- **Source data**:
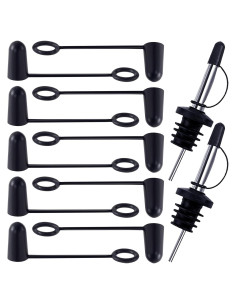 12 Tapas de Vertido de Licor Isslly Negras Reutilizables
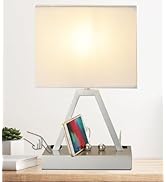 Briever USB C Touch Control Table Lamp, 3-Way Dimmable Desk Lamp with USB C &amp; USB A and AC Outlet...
---
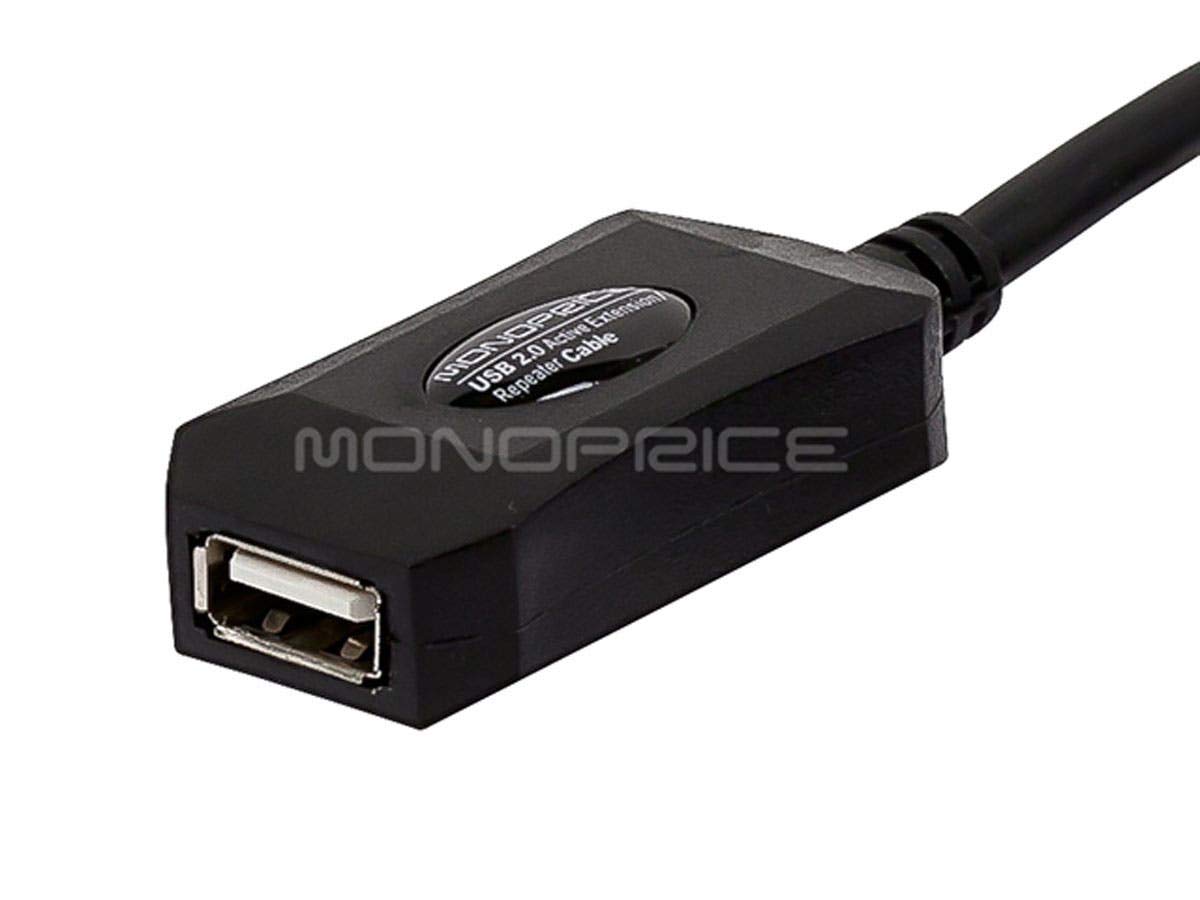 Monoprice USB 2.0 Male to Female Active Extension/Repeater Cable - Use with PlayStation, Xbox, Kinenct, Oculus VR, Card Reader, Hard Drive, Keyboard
---
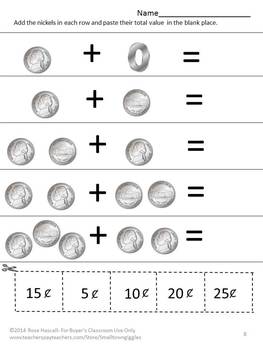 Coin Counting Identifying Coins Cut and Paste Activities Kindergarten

- **Exercise details**: Give back, exactly and without pictures, the stretch of the records above from the line containing "12 Tapas de" through the line containing "Briever USB C", with both end lines included.

- **Solution for this exercise**:
 12 Tapas de Vertido de Licor Isslly Negras Reutilizables
 Briever USB C Touch Control Table Lamp, 3-Way Dimmable Desk Lamp with USB C &amp; USB A and AC Outlet...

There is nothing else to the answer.